»»

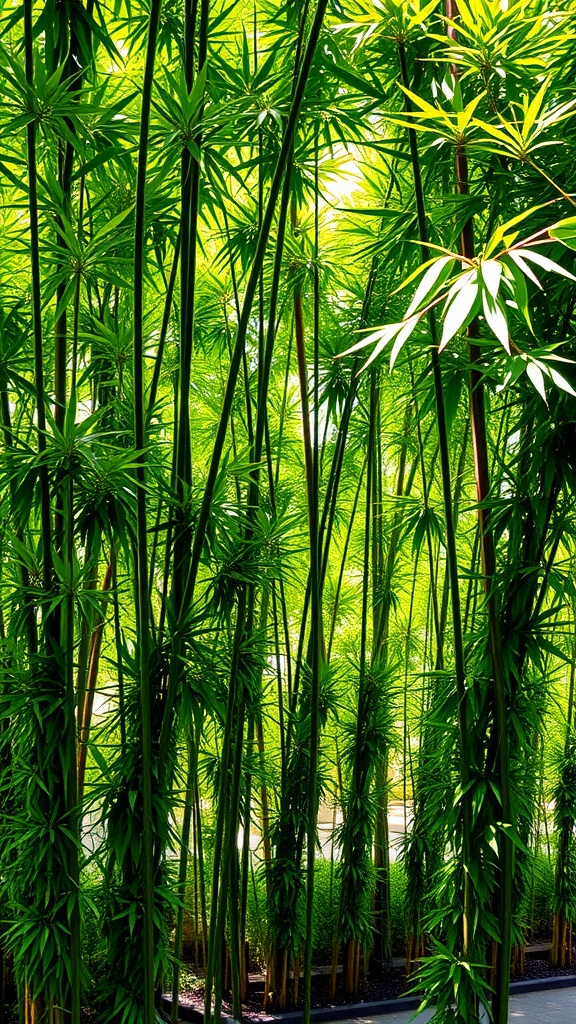 Lush green bamboo plants growing densely in a garden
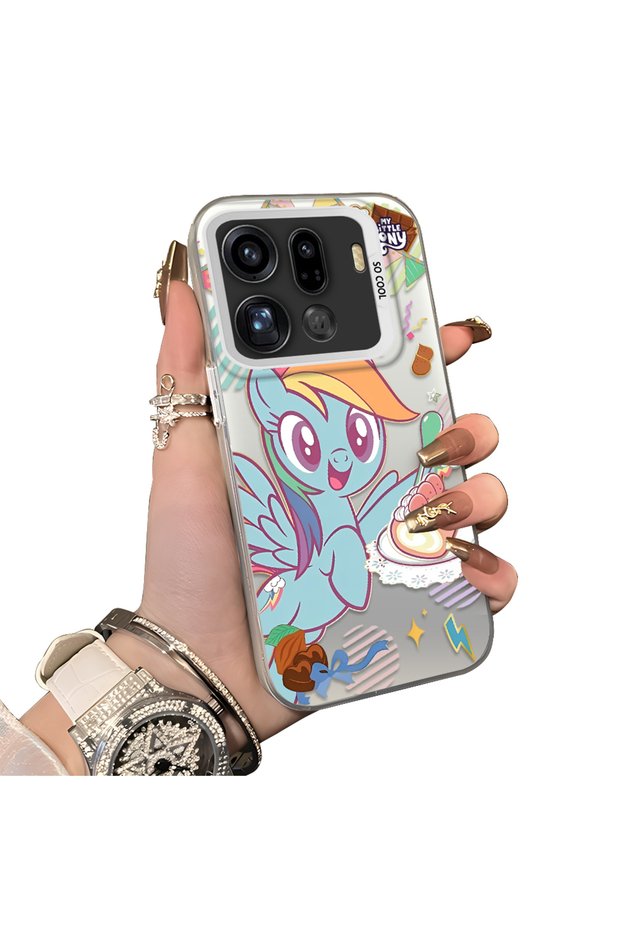Oppo Find X9 Pro 5g Compatible Acrylic Hard Back Panel with Silicone Edges Rainbow Dash Pattern Phone Case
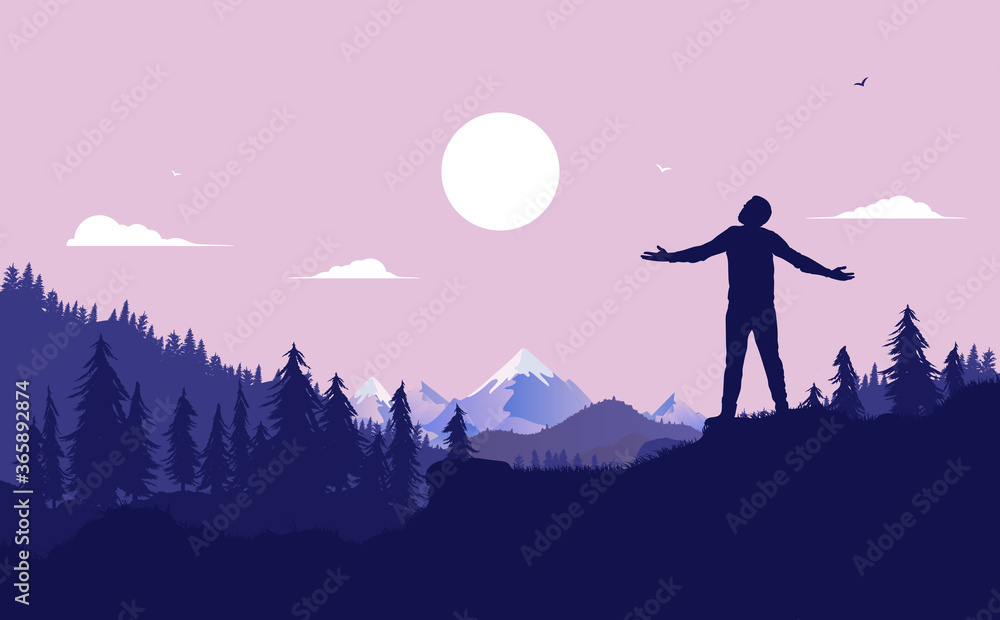 Feeling free. Silhouette of man with open arms standing in nature landscape with forest, sun and mountains in background. Personal freedom concept. Vector illustration.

««

▶ _PROBLEM REQUIREMENTS_:
Before handing back the copy, remove the pictures; otherwise print the data exactly.

▶ _SOLUTION BELOW_:
 Lush green bamboo plants growing densely in a garden
Oppo Find X9 Pro 5g Compatible Acrylic Hard Back Panel with Silicone Edges Rainbow Dash Pattern Phone Case
 Feeling free. Silhouette of man with open arms standing in nature landscape with forest, sun and mountains in background. Personal freedom concept. Vector illustration.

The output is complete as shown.